La France Insoumise s’est engagée dès l’élection présidentielle de 2012 (dans le cadre du programme du Front de Gauche à l’époque), à une refonte complète des relations entre la France et les pays africains, notamment monétaires. En 2017 la France Insoumise a repris la base programmatique de 2012  pour l’inscrire au cœur du programme de Jean-Luc Mélenchon qui à l’instar des autres candidats en avait présenté les grandes lignes dans le journal le Monde :

 https://www.lemonde.fr/afrique/article/2017/04/13/jean-luc-melenchon-son-programme-afrique-nous-combattrons-le-fleau-de-la-predation-ultraliberale-qui-s-abat-sur-le-continent_5110925_3212.html

Concernant le Franc CFA spécifiquement, la position de Jean-Luc Mélenchon est tranchée depuis 2012 :

Malgré l’intérêt d’être une monnaie commune régionale, le franc CFA présente le grave défaut de lier les choix financiers de cette partie de l’Afrique à la BCE et à l’Europe et empêche les pays concernés d’entrer dans la construction d’une Banque centrale africaine. Il est urgent de rendre aux banques centrales africaines francophones la gestion de la politique monétaire qui serait alors adaptée au cycle de leurs économies.

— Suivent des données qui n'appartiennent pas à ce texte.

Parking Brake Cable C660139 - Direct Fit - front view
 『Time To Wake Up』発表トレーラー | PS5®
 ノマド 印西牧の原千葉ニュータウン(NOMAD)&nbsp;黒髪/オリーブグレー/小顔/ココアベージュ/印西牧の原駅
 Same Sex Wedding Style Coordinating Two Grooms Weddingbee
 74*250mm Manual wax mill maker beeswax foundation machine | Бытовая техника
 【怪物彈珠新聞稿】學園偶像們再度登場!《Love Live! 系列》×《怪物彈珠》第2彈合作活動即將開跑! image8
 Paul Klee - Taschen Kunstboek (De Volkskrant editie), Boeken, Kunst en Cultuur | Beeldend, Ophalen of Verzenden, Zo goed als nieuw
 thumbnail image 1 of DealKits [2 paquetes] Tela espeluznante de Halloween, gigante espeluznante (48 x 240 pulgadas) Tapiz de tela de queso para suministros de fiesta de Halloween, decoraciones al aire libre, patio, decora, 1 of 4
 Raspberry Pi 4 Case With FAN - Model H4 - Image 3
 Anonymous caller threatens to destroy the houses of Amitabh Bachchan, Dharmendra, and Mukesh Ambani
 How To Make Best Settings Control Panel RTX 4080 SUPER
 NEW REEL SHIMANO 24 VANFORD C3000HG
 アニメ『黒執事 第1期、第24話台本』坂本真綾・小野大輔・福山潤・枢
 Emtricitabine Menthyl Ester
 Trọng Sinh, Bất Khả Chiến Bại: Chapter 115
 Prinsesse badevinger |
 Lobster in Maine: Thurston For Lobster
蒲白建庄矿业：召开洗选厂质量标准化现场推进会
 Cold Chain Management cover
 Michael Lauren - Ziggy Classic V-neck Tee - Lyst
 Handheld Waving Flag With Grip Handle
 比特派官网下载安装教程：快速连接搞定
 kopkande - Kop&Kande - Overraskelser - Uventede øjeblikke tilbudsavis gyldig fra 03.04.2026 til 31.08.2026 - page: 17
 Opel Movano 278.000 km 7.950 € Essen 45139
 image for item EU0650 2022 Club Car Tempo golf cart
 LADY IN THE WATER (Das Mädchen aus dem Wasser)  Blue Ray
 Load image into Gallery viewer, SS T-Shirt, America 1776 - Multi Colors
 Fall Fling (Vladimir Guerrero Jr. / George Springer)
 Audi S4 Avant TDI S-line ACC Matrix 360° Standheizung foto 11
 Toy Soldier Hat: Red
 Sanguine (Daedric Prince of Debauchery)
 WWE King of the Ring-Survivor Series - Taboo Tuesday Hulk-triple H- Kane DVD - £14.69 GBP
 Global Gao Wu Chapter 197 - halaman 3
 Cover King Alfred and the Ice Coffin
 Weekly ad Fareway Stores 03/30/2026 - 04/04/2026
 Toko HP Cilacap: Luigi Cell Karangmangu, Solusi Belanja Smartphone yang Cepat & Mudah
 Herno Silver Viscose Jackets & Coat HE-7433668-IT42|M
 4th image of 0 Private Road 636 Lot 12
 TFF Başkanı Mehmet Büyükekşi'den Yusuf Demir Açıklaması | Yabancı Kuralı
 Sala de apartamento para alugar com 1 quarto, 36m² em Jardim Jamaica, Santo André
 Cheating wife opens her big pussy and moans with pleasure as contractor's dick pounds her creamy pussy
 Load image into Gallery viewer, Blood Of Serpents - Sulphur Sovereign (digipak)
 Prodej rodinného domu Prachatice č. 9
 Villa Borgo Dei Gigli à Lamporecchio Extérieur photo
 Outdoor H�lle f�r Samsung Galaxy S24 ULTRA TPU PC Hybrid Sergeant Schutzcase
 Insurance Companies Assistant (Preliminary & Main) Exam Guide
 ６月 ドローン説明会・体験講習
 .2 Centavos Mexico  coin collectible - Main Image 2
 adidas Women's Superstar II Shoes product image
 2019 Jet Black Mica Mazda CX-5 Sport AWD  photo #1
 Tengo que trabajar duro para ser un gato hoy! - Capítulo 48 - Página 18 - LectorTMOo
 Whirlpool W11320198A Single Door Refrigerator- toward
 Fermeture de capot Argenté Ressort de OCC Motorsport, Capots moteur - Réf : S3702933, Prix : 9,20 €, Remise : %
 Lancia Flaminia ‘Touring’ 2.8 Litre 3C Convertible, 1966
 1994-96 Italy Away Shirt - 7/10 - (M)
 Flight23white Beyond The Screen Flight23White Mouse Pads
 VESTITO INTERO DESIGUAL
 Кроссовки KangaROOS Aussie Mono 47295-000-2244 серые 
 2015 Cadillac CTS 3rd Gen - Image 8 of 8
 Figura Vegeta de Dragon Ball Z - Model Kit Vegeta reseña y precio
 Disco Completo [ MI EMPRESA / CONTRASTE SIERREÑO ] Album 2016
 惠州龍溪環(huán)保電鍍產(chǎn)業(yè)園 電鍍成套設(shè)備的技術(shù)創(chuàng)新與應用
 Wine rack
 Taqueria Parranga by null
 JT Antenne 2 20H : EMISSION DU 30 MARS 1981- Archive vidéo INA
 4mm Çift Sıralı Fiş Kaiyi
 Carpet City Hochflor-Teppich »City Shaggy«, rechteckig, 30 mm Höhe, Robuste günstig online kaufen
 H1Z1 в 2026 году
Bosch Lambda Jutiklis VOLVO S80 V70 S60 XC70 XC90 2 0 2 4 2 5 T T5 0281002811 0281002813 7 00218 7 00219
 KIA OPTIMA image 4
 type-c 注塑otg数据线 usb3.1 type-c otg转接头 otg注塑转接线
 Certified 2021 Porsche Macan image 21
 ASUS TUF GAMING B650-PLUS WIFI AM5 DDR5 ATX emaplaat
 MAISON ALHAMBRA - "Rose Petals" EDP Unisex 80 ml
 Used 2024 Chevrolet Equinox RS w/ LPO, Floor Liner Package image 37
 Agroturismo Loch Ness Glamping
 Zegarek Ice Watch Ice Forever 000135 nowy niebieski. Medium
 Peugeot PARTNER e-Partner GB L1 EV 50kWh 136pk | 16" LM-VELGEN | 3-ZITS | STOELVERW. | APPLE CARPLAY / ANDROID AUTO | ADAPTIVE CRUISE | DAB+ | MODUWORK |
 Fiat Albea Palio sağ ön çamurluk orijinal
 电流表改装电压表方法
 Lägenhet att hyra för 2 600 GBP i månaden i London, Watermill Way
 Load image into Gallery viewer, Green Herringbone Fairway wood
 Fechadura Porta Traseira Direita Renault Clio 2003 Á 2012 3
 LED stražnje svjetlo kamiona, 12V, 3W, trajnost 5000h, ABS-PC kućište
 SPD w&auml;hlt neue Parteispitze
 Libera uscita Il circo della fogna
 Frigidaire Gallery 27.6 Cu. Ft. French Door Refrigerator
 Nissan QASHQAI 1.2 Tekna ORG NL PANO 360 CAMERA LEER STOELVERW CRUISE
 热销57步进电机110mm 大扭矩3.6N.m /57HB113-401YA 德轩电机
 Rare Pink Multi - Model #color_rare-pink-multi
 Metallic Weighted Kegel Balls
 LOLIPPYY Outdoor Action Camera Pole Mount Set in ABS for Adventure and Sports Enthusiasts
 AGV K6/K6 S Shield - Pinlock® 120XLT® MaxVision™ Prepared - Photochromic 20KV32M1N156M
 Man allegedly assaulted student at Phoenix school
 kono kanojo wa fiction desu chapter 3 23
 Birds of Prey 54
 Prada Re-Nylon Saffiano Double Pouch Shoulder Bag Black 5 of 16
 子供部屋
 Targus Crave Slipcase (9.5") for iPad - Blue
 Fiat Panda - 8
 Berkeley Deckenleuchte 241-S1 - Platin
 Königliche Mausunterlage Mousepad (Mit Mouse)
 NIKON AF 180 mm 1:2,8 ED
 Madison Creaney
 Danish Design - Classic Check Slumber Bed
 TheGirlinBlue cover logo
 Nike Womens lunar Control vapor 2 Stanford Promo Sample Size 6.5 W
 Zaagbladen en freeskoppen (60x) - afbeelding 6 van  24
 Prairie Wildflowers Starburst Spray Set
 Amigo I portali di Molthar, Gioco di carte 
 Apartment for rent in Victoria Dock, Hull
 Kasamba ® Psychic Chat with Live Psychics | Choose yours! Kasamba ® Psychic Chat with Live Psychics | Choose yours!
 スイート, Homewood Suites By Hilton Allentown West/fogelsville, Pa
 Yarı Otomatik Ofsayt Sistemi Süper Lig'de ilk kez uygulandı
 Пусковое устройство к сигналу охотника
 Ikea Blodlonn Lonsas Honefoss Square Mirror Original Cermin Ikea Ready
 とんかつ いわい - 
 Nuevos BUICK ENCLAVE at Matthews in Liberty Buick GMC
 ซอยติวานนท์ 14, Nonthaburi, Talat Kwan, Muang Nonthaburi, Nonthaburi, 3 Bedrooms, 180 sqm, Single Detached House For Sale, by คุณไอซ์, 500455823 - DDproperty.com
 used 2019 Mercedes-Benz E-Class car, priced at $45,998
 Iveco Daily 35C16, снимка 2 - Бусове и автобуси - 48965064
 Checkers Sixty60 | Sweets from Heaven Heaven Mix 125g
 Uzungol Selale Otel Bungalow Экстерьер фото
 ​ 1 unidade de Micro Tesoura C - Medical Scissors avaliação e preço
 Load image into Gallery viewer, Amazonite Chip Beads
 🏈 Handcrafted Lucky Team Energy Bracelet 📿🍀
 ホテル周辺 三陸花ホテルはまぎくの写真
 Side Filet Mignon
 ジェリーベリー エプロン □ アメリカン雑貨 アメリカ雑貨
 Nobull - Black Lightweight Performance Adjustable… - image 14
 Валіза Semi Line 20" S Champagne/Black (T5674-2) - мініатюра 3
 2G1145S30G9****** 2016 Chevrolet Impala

Ceci s’accompagnerait d‘un abandon par la France de son droit de vote et de veto dans toutes les instances de ces banques, de l’abandon de l’obligation de déposer 50% des avoirs des pays CFA à la Banque de France, ainsi que l’abandon du pouvoir du conseil des ministres français de décider des parités et dévaluations du CFA.

Cette réforme majeure, qui peut préfigurer d’autres évolutions en lien ou non avec la proposition de l’Union africaine de créer une monnaie commune à toute l’Afrique, devrait permettre de mettre fin à la deuxième extraversion des économies africaines (la première étant les filières de rente) et autoriserait ces banques de jouer pleinement leur rôle dans le financement du développement. Nous défendrons le droit des gouvernements des pays africains, s’ils veulent bénéficier d’un minimum de moyen pour orienter les investissements publics, de prendre des mesures de contrôle des filiales des banques privées, essentiellement françaises, qui constituent souvent le seul réseau bancaire existant.